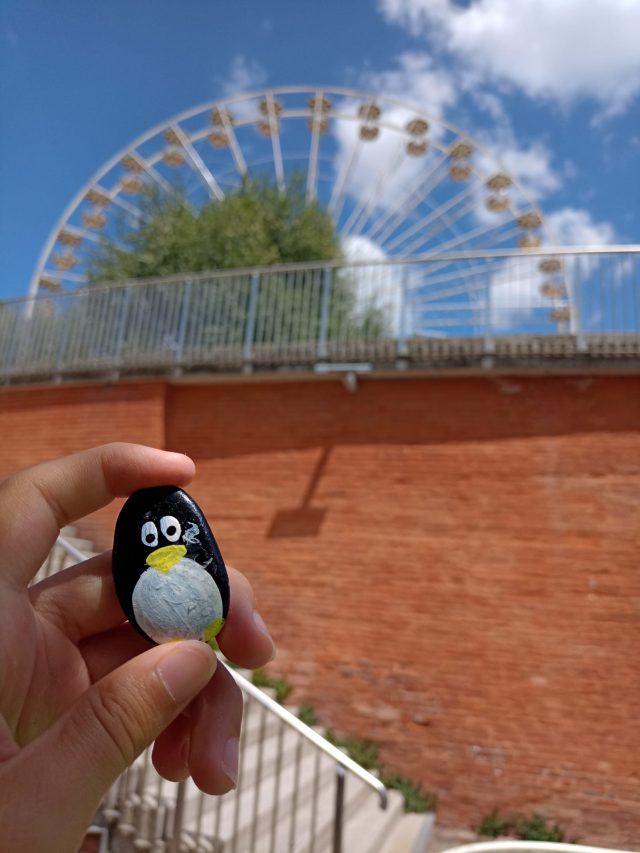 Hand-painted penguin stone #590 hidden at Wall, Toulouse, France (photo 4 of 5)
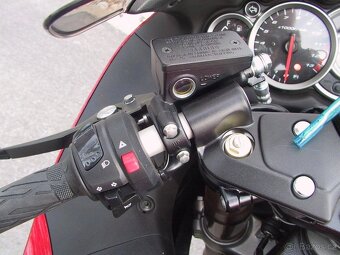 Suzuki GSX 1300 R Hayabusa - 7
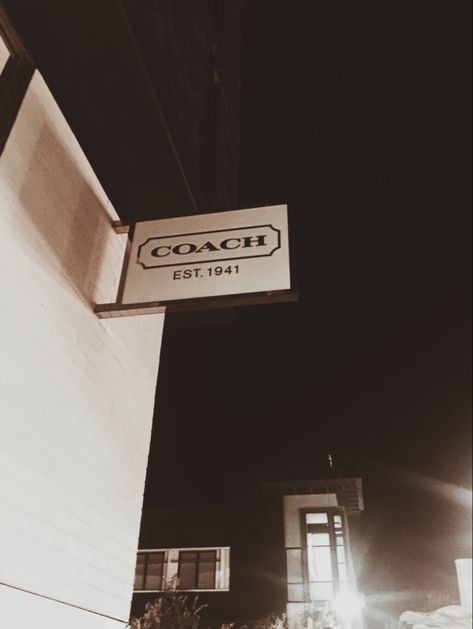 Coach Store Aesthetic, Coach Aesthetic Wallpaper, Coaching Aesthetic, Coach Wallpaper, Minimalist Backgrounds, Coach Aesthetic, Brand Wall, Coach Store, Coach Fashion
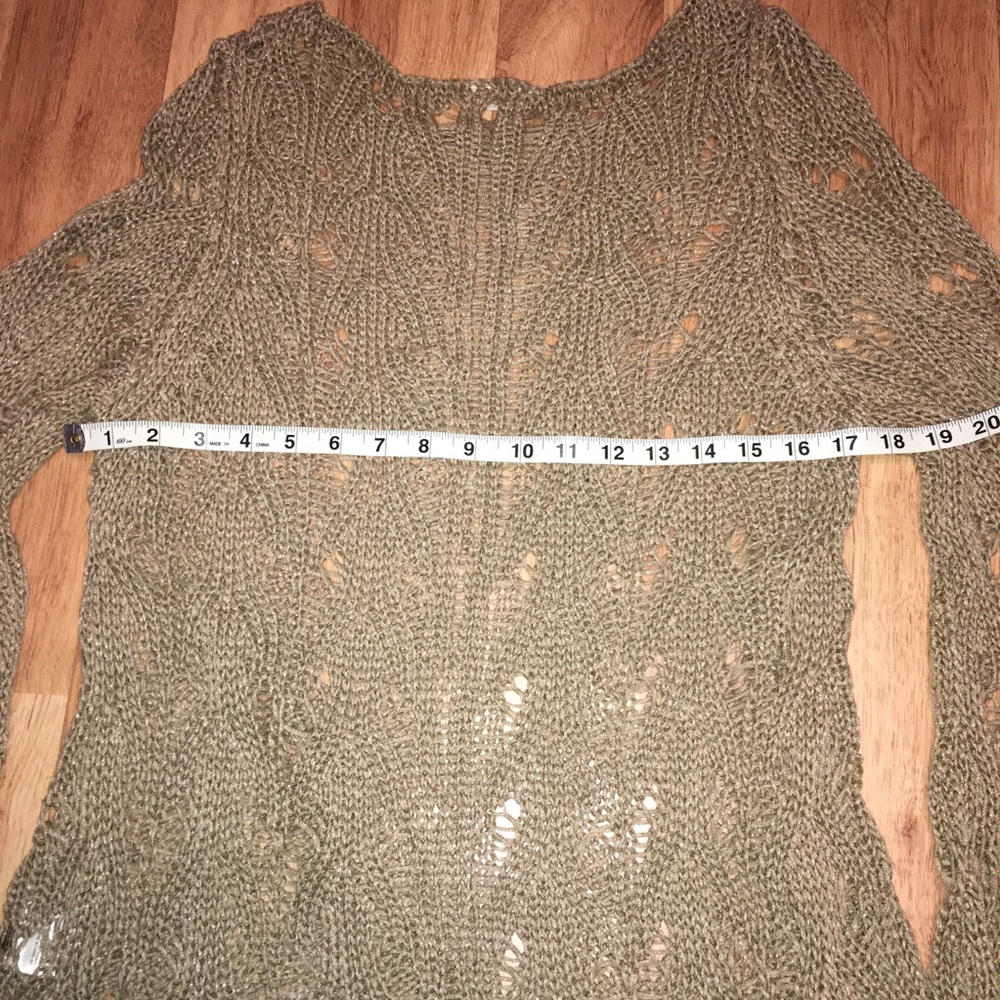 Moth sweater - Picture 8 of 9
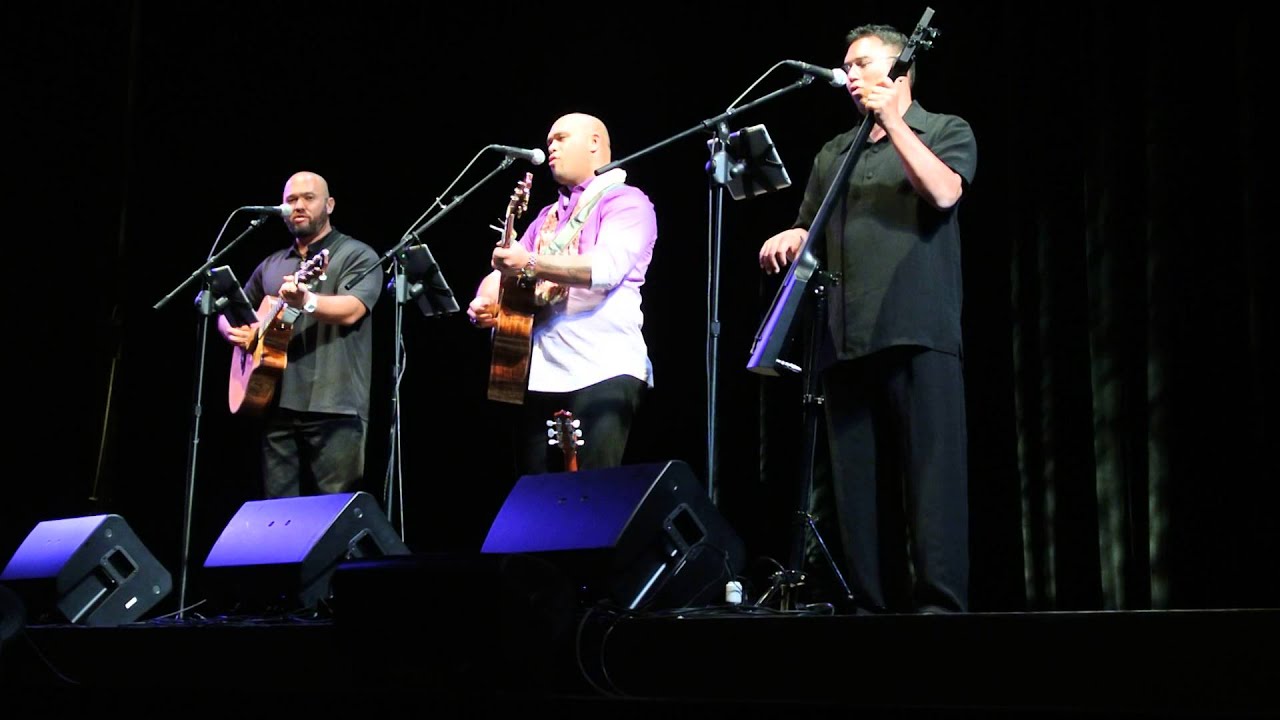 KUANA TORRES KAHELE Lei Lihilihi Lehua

□ □ □ □ □ □ □

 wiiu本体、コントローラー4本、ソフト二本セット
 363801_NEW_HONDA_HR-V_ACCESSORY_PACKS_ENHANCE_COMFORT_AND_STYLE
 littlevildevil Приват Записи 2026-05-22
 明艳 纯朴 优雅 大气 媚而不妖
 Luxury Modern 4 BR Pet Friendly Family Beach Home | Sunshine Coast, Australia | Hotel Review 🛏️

□ □ □ □ □ □ □

YOUR TASK. Reproduce the records above exactly, but only from the line with "Hand-painted penguin stone" up to and including the line with "KUANA TORRES KAHELE Lei Lihilihi Lehua". Leave the pictures out.

SOLUTION TO THE PROBLEM.
 Hand-painted penguin stone #590 hidden at Wall, Toulouse, France (photo 4 of 5)
 Suzuki GSX 1300 R Hayabusa - 7
 Coach Store Aesthetic, Coach Aesthetic Wallpaper, Coaching Aesthetic, Coach Wallpaper, Minimalist Backgrounds, Coach Aesthetic, Brand Wall, Coach Store, Coach Fashion
 Moth sweater - Picture 8 of 9
 KUANA TORRES KAHELE Lei Lihilihi Lehua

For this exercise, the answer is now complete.